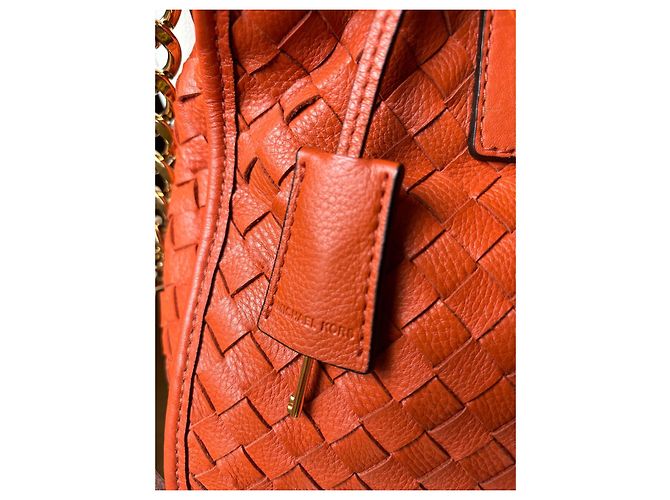 Borsa Michael Kors Hamilton in pelle intrecciata arancione - vista 4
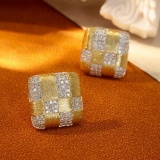 14k Gold 0.42 Ct Natural H Diamond Earrings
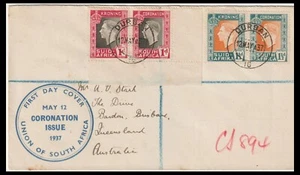 SOUTH AFRICA 1937 CORONATION ISSUE FDC TO AUSTRALIA (JF) - Picture 1 of 1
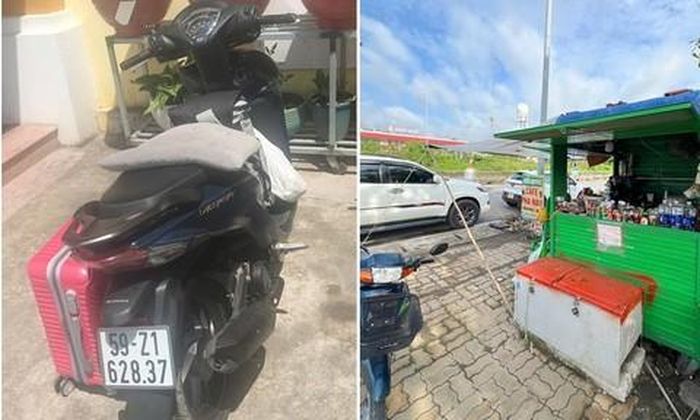 Chiếc xe máy Vương dùng làm phương tiện đi cướp và địa điểm nơi gây án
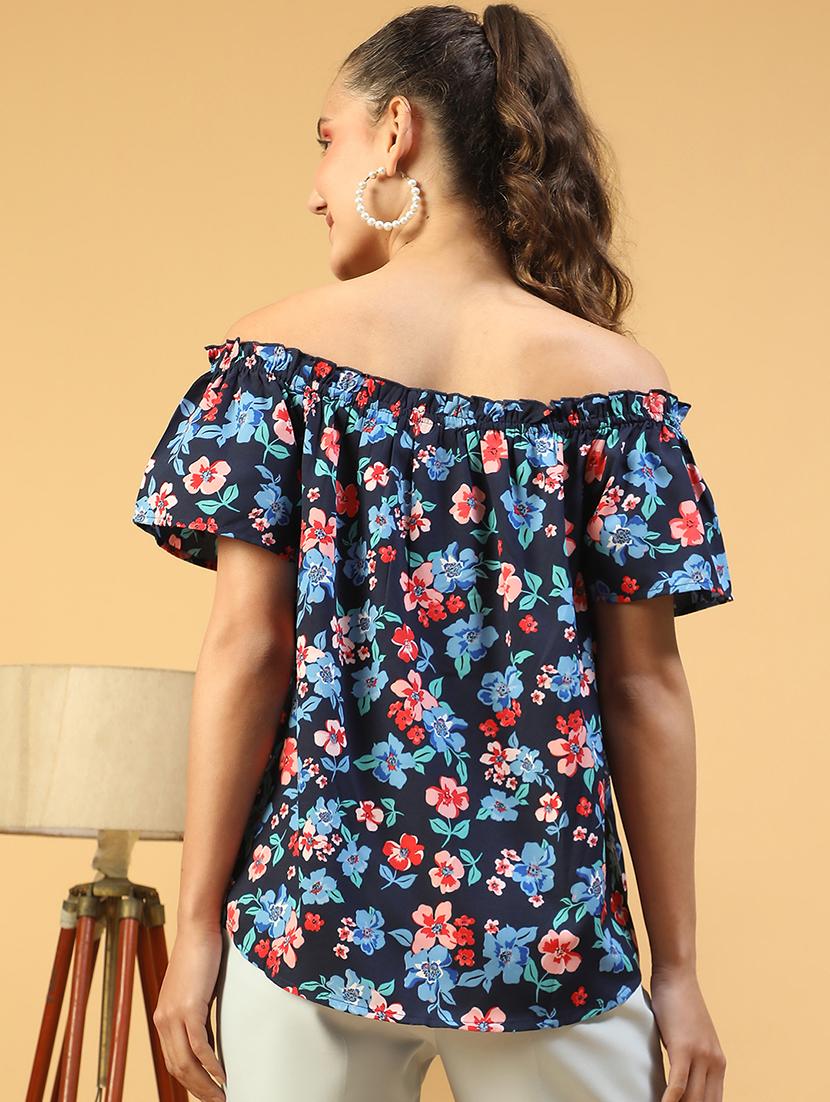 women floral printed off shoulder regular top - 21843856 - Standard Image - 3
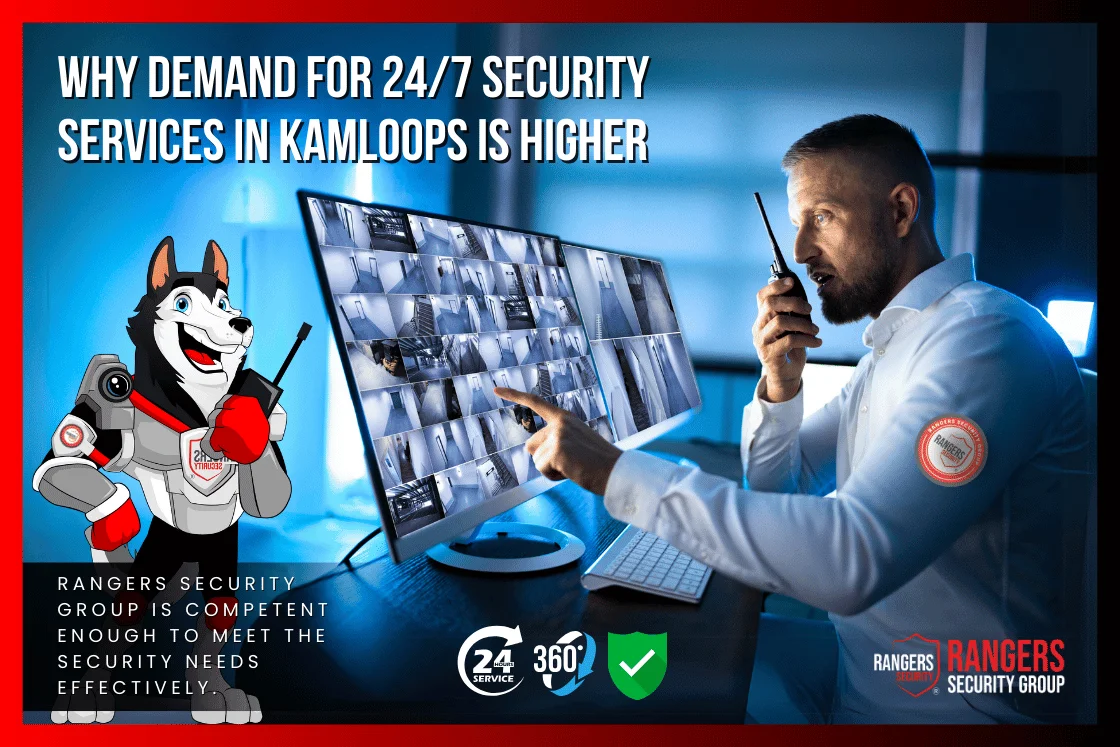 Trained live video monitoring expert watching real-time screens and addressing the demand for 24/7 security services in Kamloops, protecting homes and representing businesses from intruders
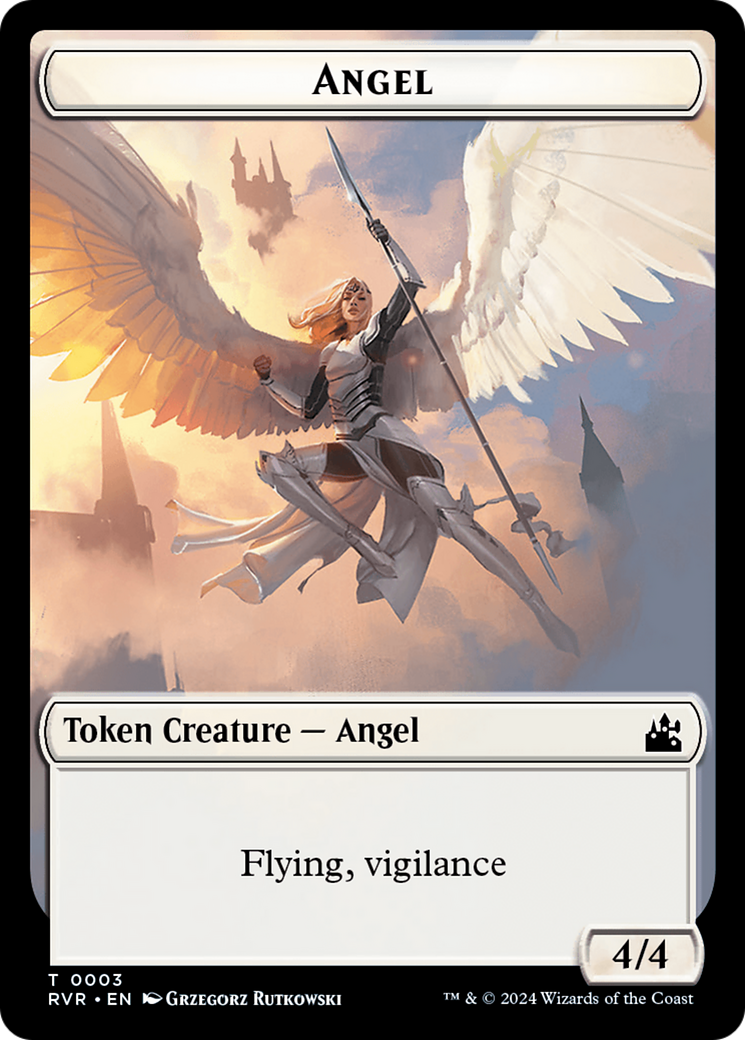 mtg cards that make angel tokens Token (4/4 - Flying) by Irina Nordsol Dominaria United Tokens Type Angel 3/3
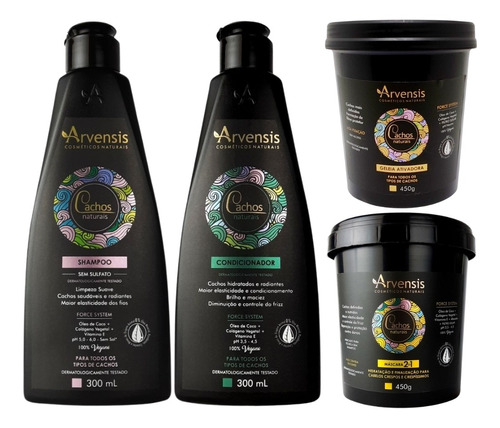 Kit Arvensis Cachos Shampoo Cond Geleia Alta Máscara 2x1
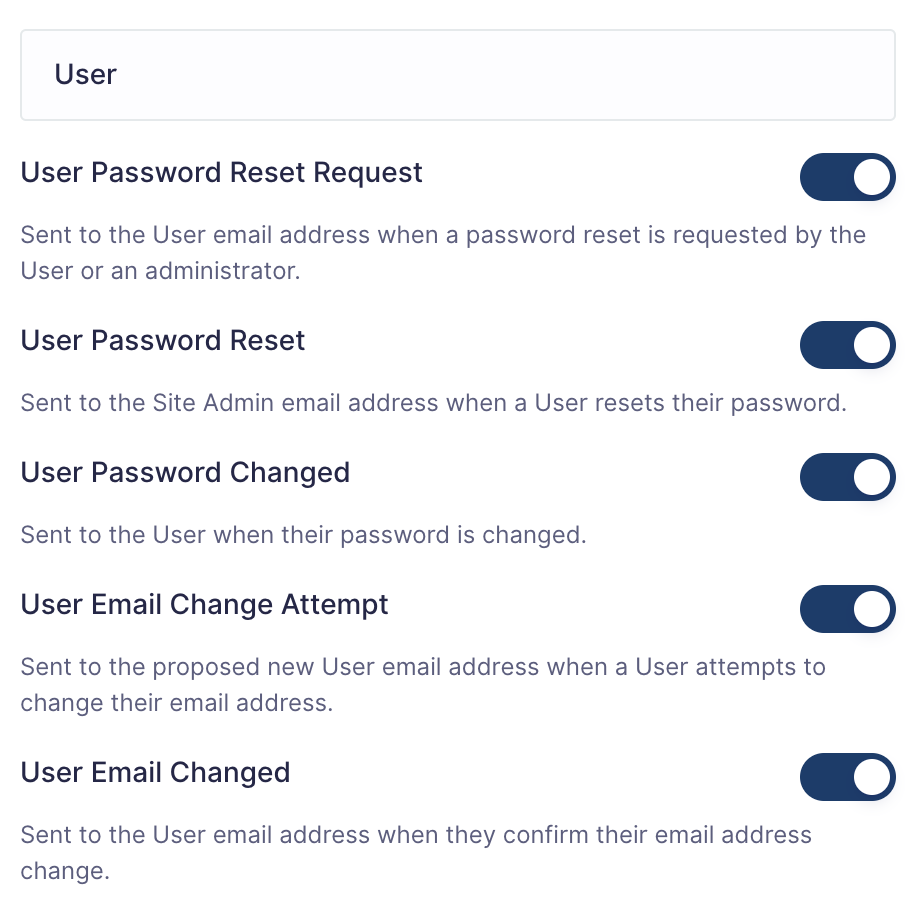 Image showing User Email management settings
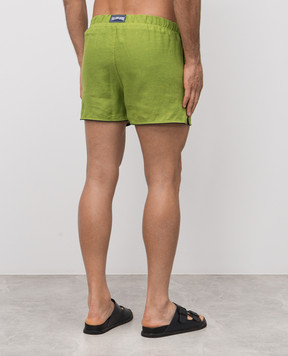 Vilebrequin Green linen swim shorts MCECL400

■ ■ ■

● Work to be completed:
Your copy should consist only of the lines from the one containing "Chiếc xe máy" through the last line of the entries above, reproduced exactly, without pictures.

● Answer to the exercise:
 Chiếc xe máy Vương dùng làm phương tiện đi cướp và địa điểm nơi gây án
 women floral printed off shoulder regular top - 21843856 - Standard Image - 3
 Trained live video monitoring expert watching real-time screens and addressing the demand for 24/7 security services in Kamloops, protecting homes and representing businesses from intruders
 mtg cards that make angel tokens Token (4/4 - Flying) by Irina Nordsol Dominaria United Tokens Type Angel 3/3
 Kit Arvensis Cachos Shampoo Cond Geleia Alta Máscara 2x1
 Image showing User Email management settings
 Vilebrequin Green linen swim shorts MCECL400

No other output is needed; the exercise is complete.